_Information provided_
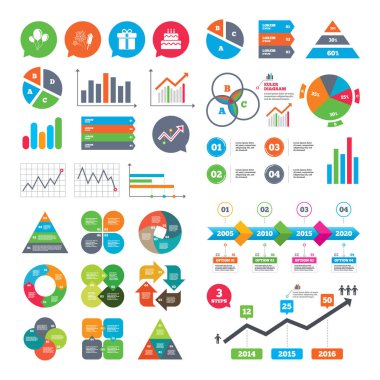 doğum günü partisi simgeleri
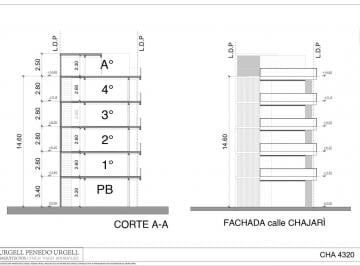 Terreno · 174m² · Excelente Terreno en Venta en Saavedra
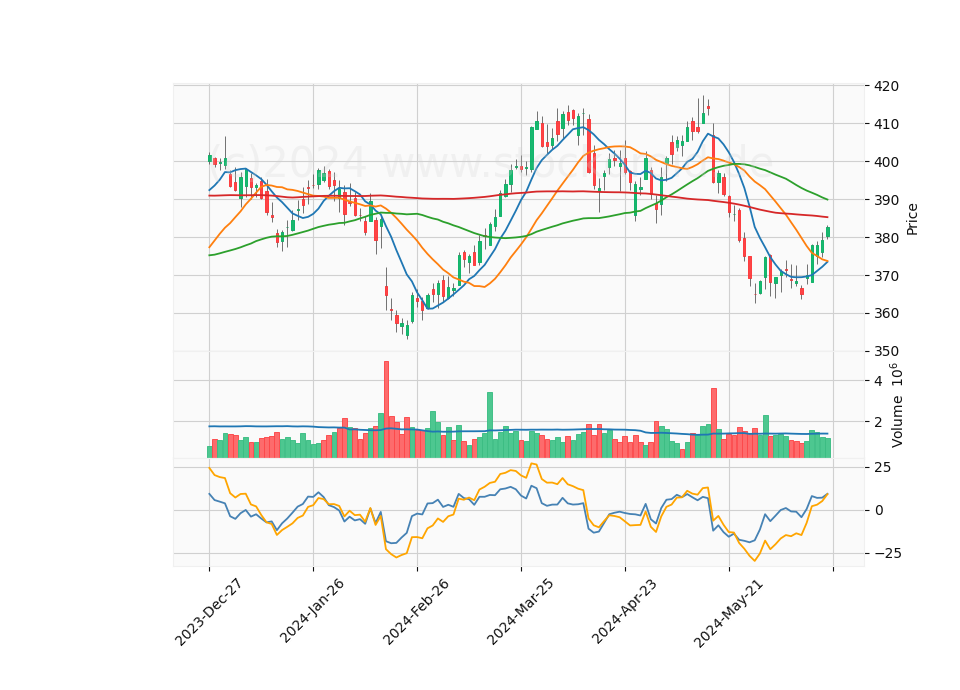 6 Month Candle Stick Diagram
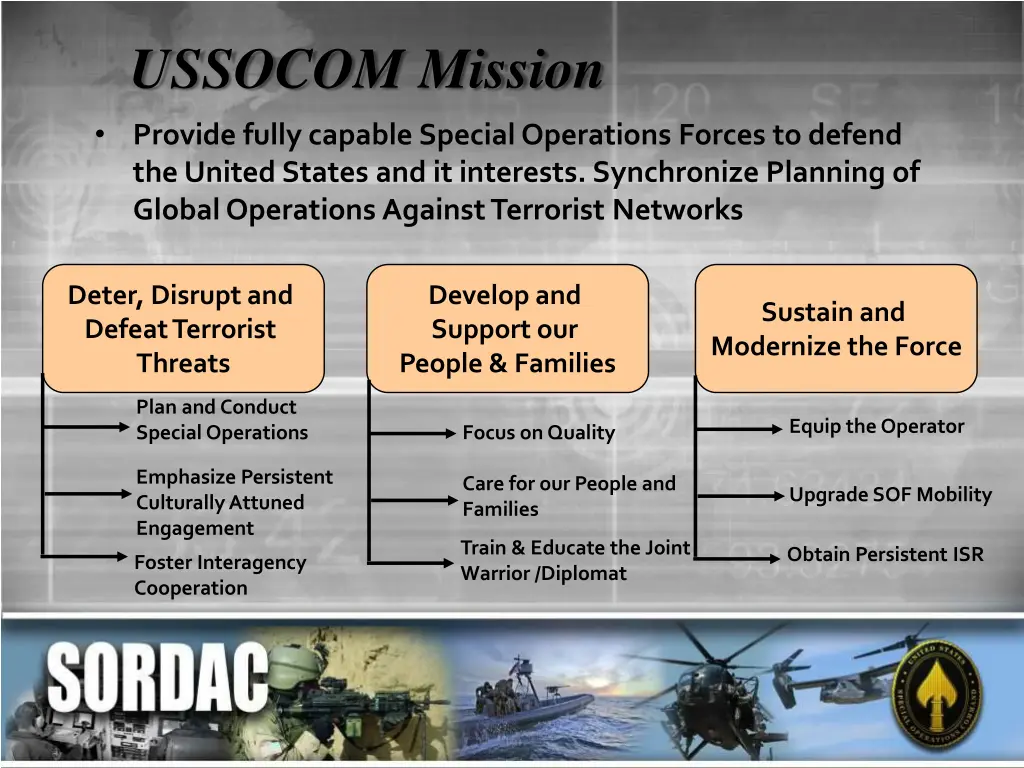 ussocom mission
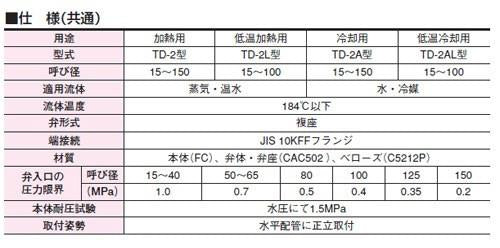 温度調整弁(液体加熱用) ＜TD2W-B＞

_Instructions for the task_
Everything in the material except the pictures should be restated word for word.

_Exercise response_
 doğum günü partisi simgeleri
 Terreno · 174m² · Excelente Terreno en Venta en Saavedra
 6 Month Candle Stick Diagram
 ussocom mission
 温度調整弁(液体加熱用) ＜TD2W-B＞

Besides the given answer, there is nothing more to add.